____ DATA FOR ANALYSIS

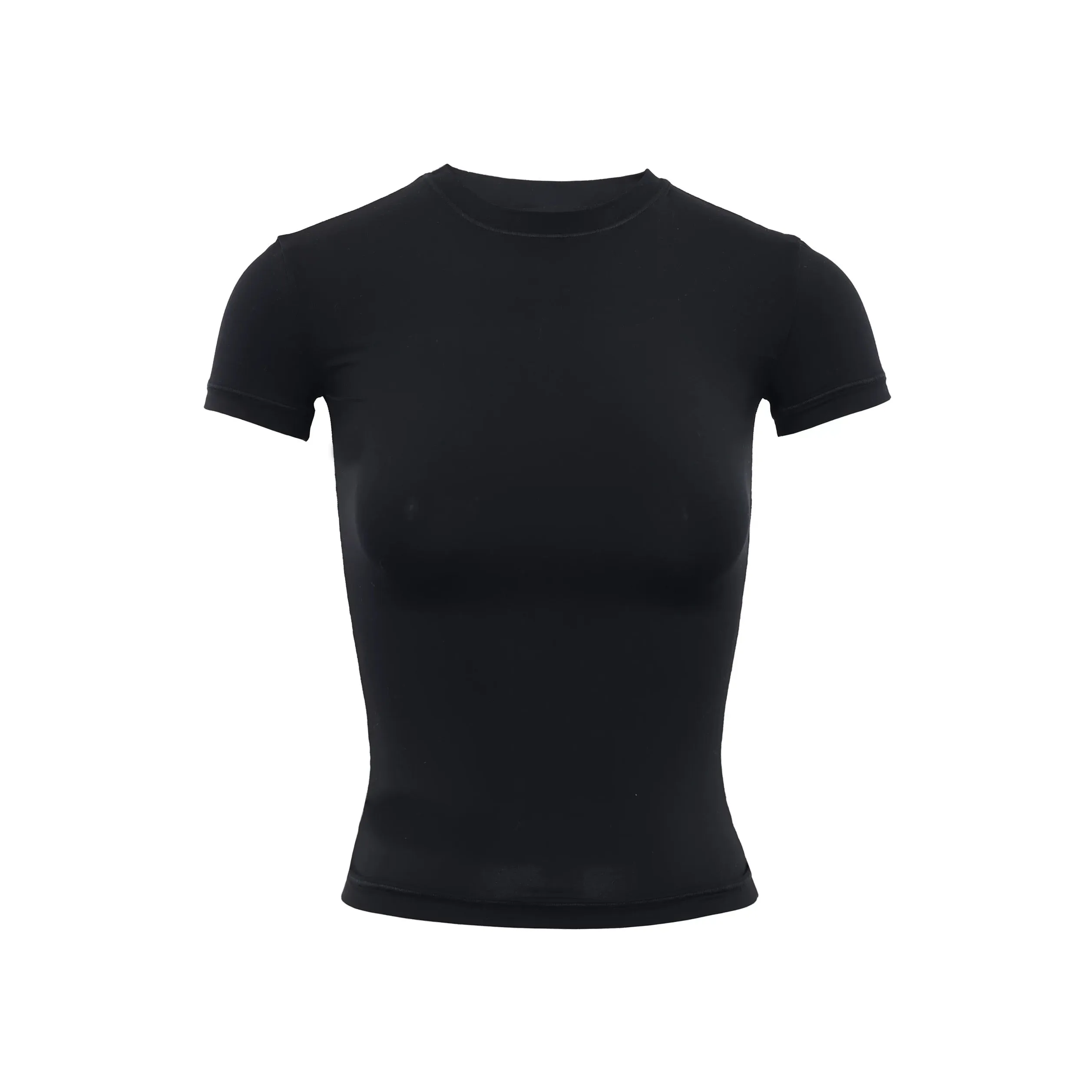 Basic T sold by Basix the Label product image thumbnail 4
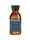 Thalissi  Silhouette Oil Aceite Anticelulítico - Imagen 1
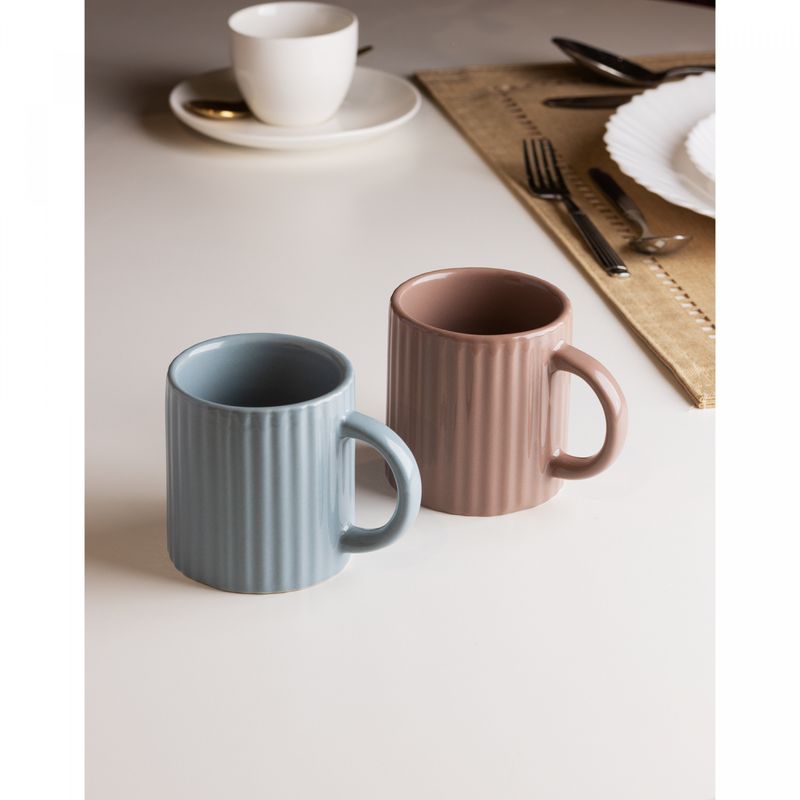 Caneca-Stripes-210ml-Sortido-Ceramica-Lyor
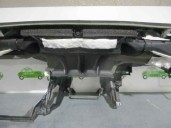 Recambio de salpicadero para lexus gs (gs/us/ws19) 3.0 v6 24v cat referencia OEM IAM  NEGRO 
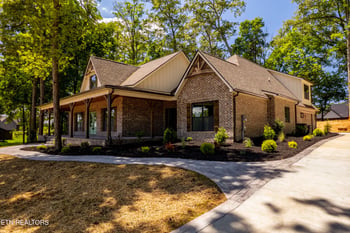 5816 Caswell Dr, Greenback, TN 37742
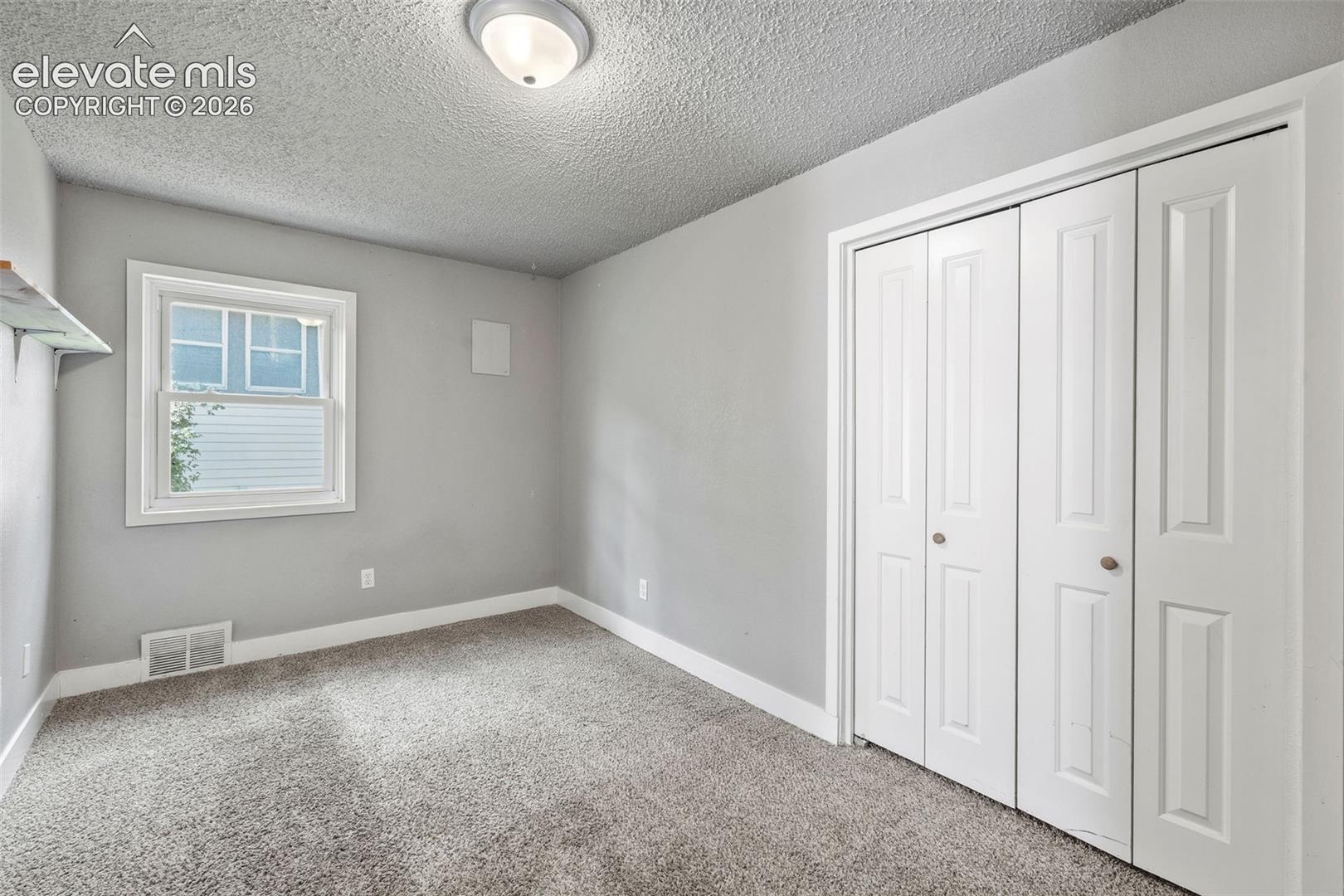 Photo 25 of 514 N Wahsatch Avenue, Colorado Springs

________

[TASK REQUIREMENTS]:
Reproduce exactly and only the lines from the one with "Caneca-Stripes-210ml-Sortido-Ceramica-Lyor" through the final line of the records above, inclusive. Pictures must be left out.

[SOLUTION TO THE EXERCISE]:
 Caneca-Stripes-210ml-Sortido-Ceramica-Lyor
 Recambio de salpicadero para lexus gs (gs/us/ws19) 3.0 v6 24v cat referencia OEM IAM  NEGRO 
 5816 Caswell Dr, Greenback, TN 37742
 Photo 25 of 514 N Wahsatch Avenue, Colorado Springs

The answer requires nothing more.